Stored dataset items

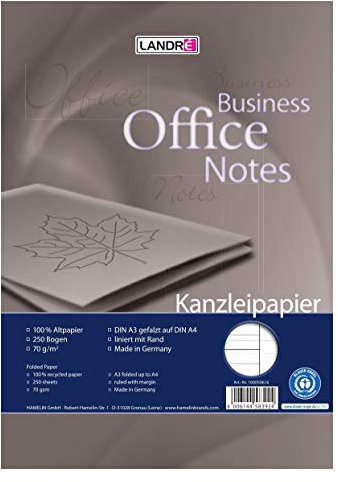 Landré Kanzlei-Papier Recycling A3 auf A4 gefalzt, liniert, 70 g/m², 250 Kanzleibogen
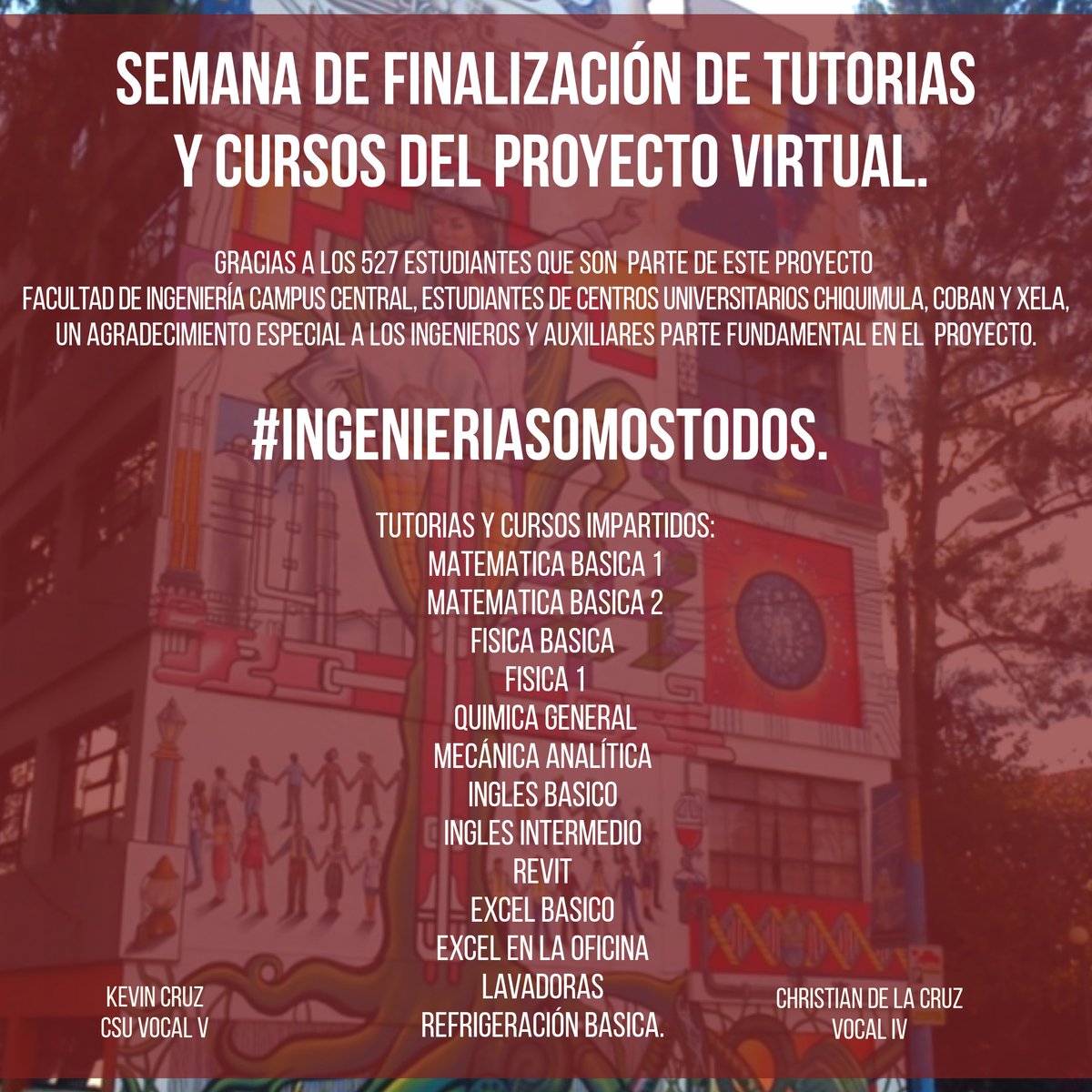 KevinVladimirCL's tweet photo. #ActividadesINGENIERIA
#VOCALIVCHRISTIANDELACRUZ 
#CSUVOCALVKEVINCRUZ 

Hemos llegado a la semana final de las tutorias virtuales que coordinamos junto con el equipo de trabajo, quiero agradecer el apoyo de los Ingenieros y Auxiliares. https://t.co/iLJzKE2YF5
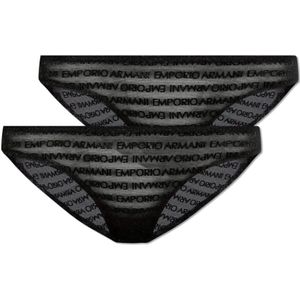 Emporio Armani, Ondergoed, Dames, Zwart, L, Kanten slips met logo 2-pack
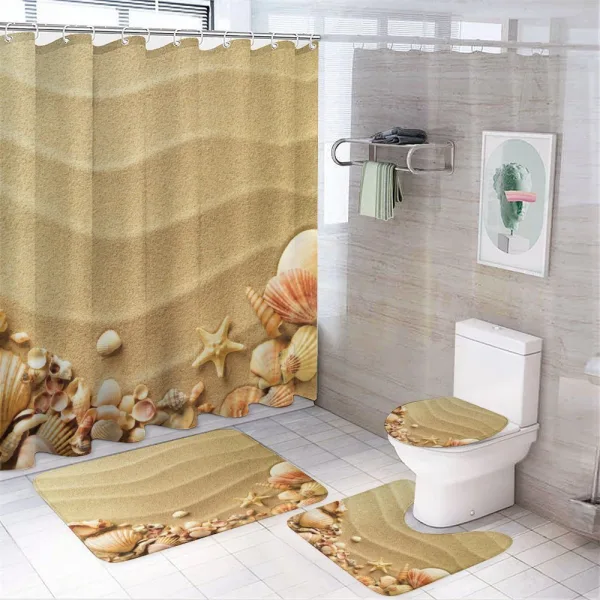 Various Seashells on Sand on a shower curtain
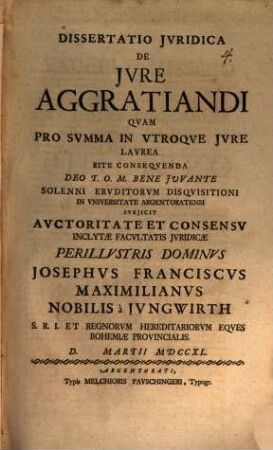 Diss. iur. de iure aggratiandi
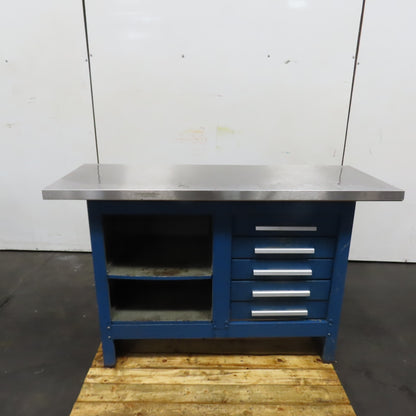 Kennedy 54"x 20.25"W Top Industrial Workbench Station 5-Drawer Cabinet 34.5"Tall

* **Action item**
The copy should hold exactly the lines from the line containing "Emporio Armani, Ondergoed, Dames, Zwart, L, Kanten" through the end of the data, both ends included, and no pictures.

* **Exercise response**
 Emporio Armani, Ondergoed, Dames, Zwart, L, Kanten slips met logo 2-pack
 Various Seashells on Sand on a shower curtain
 Diss. iur. de iure aggratiandi
 Kennedy 54"x 20.25"W Top Industrial Workbench Station 5-Drawer Cabinet 34.5"Tall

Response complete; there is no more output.